Hamed Mohammadi, iraniano de 30 anos que trabalha no setor privado, disse ao 24 Heures que espera especialmente a queda da taxa de câmbio das moeda estrangeiras. “Isto significa que as coisas vão se tornar progressivamente menos caras” em rial, a moeda iraniana, disse.
O acordo nuclear alcançado entre Irã e as potências mundiais é “sólido”, embora restem seis meses de negociações muito difíceis para se conseguir um pacto completo – alertaram analistas consultados pela AFP em Washington, neste domingo.
“O acordo interino é sólido, com uma série de restrições e verificações sobre o programa nuclear iraniano mais amplas do que nunca”, disse Suzanne Maloney, especialista em Irã na Brookings Institution.
Suzanne destacou que o acordo por seis meses obriga Teerã “a um contínuo processo diplomático, cujas principais recompensas diferem até que se obtenha um acordo muito mais ambicioso”.
Após quase uma década de paralisia nas negociações entre o Irã e o grupo 5+1 (formado por China, Estados Unidos, Grã-Bretanha, França, Rússia e Alemanha), conseguiu-se avançar em uma velocidade vertiginosa desde a chegada do presidente moderado Hassan Rohani ao poder, em agosto passado.
Esse acordo preliminar foi obtido em Genebra após três rodadas de negociações desde setembro.
“Acho que foi uma negociação dura, efetiva e significativa e que proporcionou o tipo de segurança exigida pelos negociadores para uma discussão legítima e exaustiva com o Irã sobre seu programa nuclear integral”, afirmou Joel Rubin, do Ploughshares Fund.
O acordo concede mais tempo aos esforços das potências mundiais para evitar que o Irã tenha capacidades para fabricar uma arma nuclear, frisou Rubin, acrescentando que a aceitação por parte de Teerã de inspeções diárias em suas unidades de Natanz e Fordo “não tem precedentes” – assim como a contenção dos trabalhos em seu reator de Arak.

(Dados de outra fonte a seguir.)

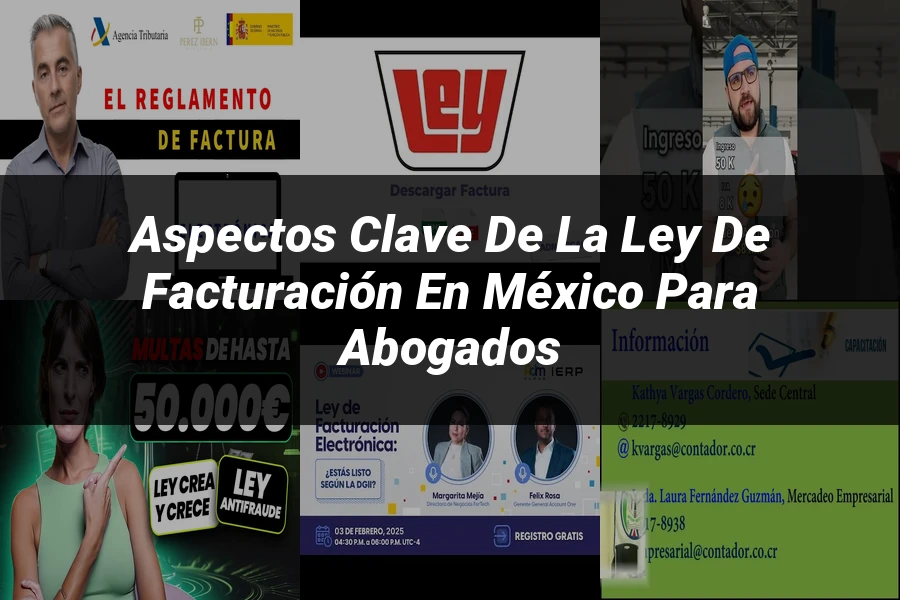 "Aspectos clave de la ley de facturación en México para abogados"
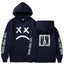 Trendy Smiling Face Print Pullover Hoodies for Couples - Unisex Streetwear Sweatshirts - Korvel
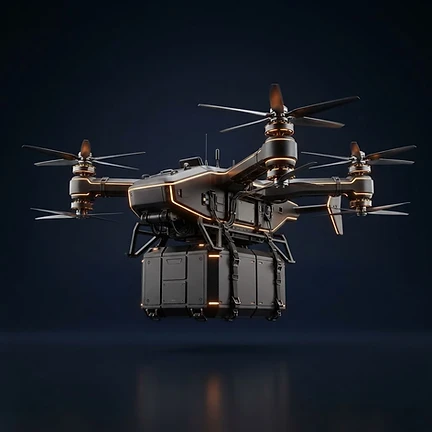 Solace hydrogen VTOL aircraft in flight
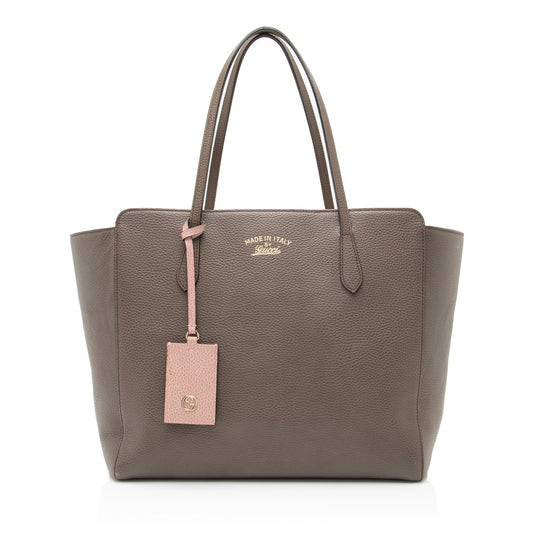 Gucci Leather Swing Medium Tote (SHF-23387)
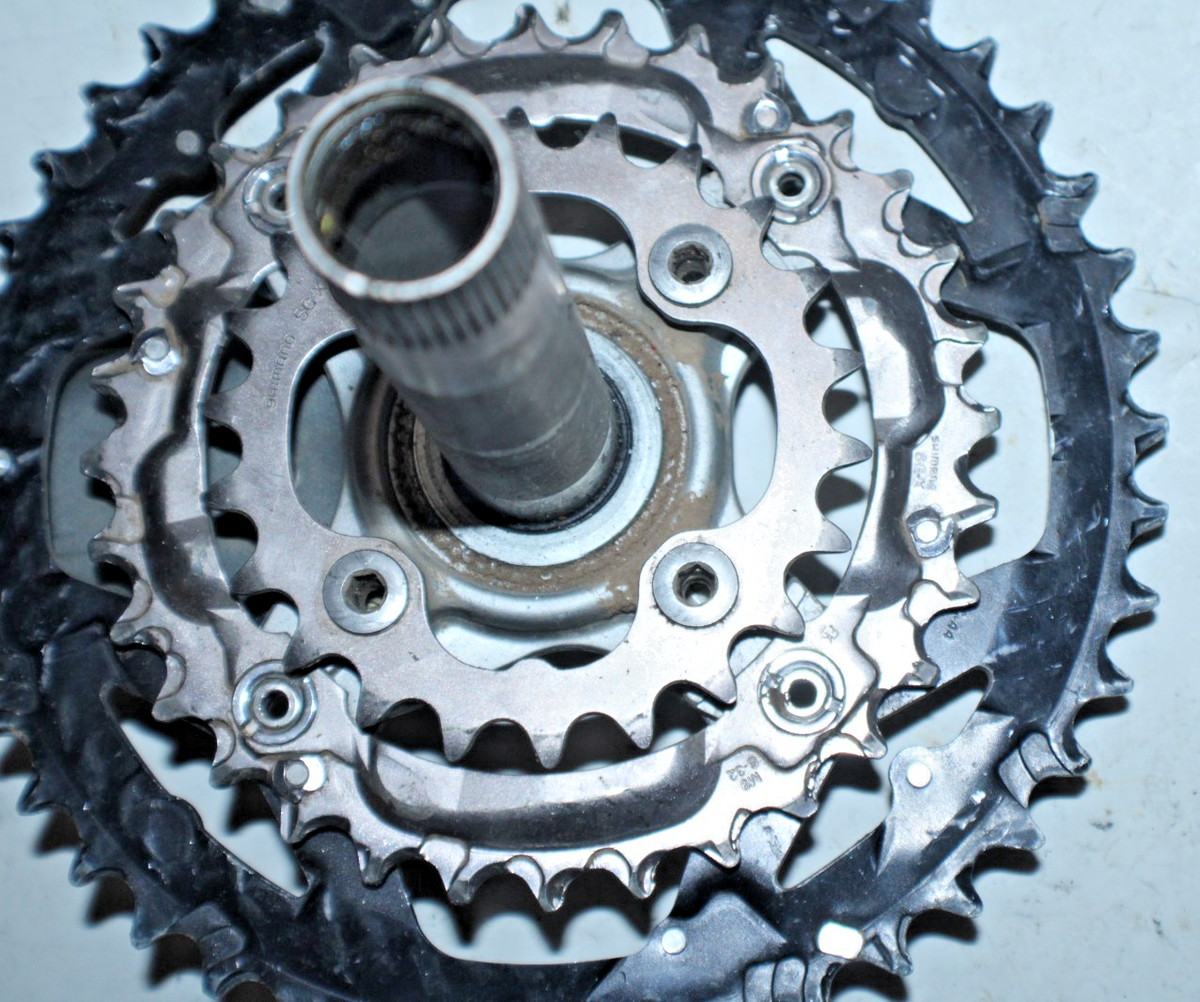 Deore LX Triple Drive Crank Arm 175mm BCD104/64 Hollowtech FC-M582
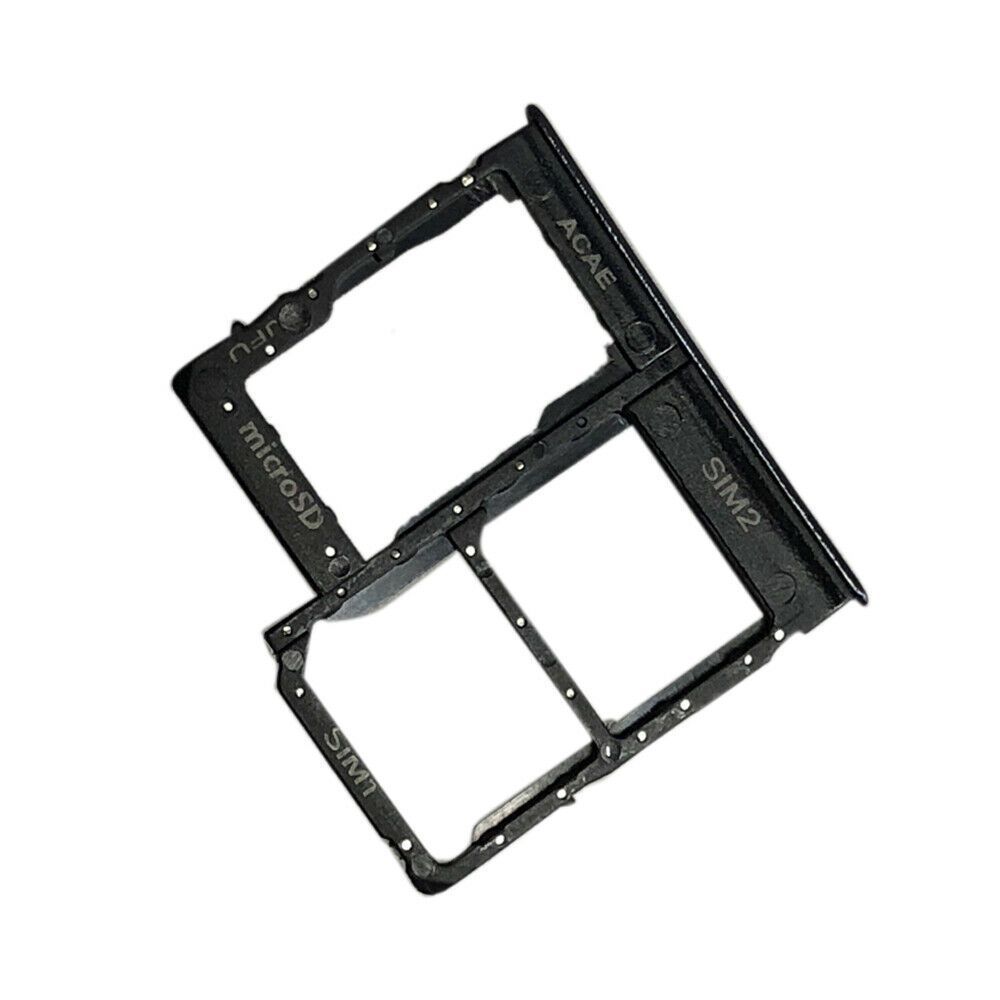 Держатель Sim-карты для и карты памяти Samsung A315 Galaxy A31 2020, A405 Galaxy A41 2020, A415 Galaxy A40 2019 черный, на две Sim-карты 22739 фото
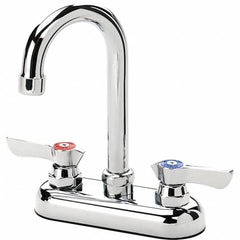 Krowne - Deck Mount, Bar and Hospitality Faucet without Spray - Two Handle, Color Coded Handle, Gooseneck Spout, No Drain - Exact Tooling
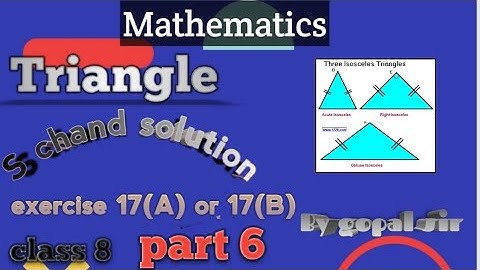Class 8 Mathematics S Chand Publication Triangles Ex 17 B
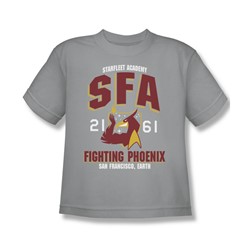 Star Trek - Sfa Fighting Phoenix Big Boys T-Shirt In Silver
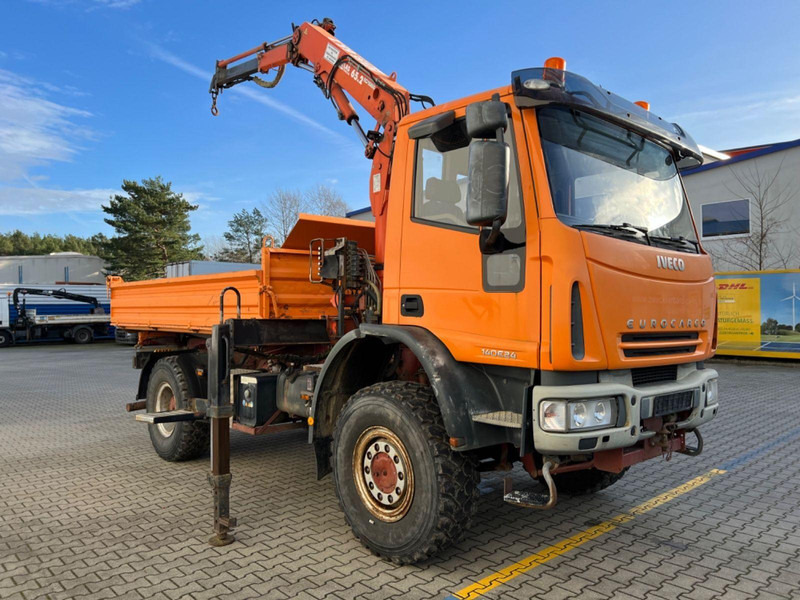 Iveco 140 E 24 4x4 + Atlas AK 65.2 A1 - Tipvogn lastbil, Lastbil med kran: billede 2 Iveco 140 E 24 4x4 + Atlas AK 65.2 A1 - Tipvogn lastbil, Lastbil med kran: billede 2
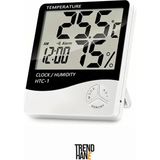 Dijital Termometre | Sıcaklık & Nem Ölçer | Masaüstü – Duvar Tipi | Alarm ve Saat Fonksiyonlu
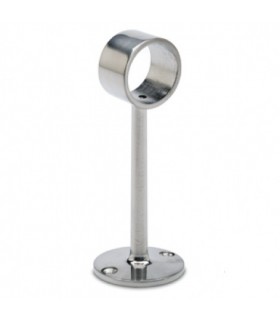 Support plat ouvert inox brossé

“É bastante surpreendente. Se você tivesse me dito, há poucos meses, que o Irã aceitaria, por meio de conversas diplomáticas, neutralizar suas reservas de urânio enriquecido a 20%, deter a construção e qualquer melhoria em Arak, permitir um monitoramento diário, eu lhe diria que essa é uma conquista para nossa segurança”, disse Rubin à AFP.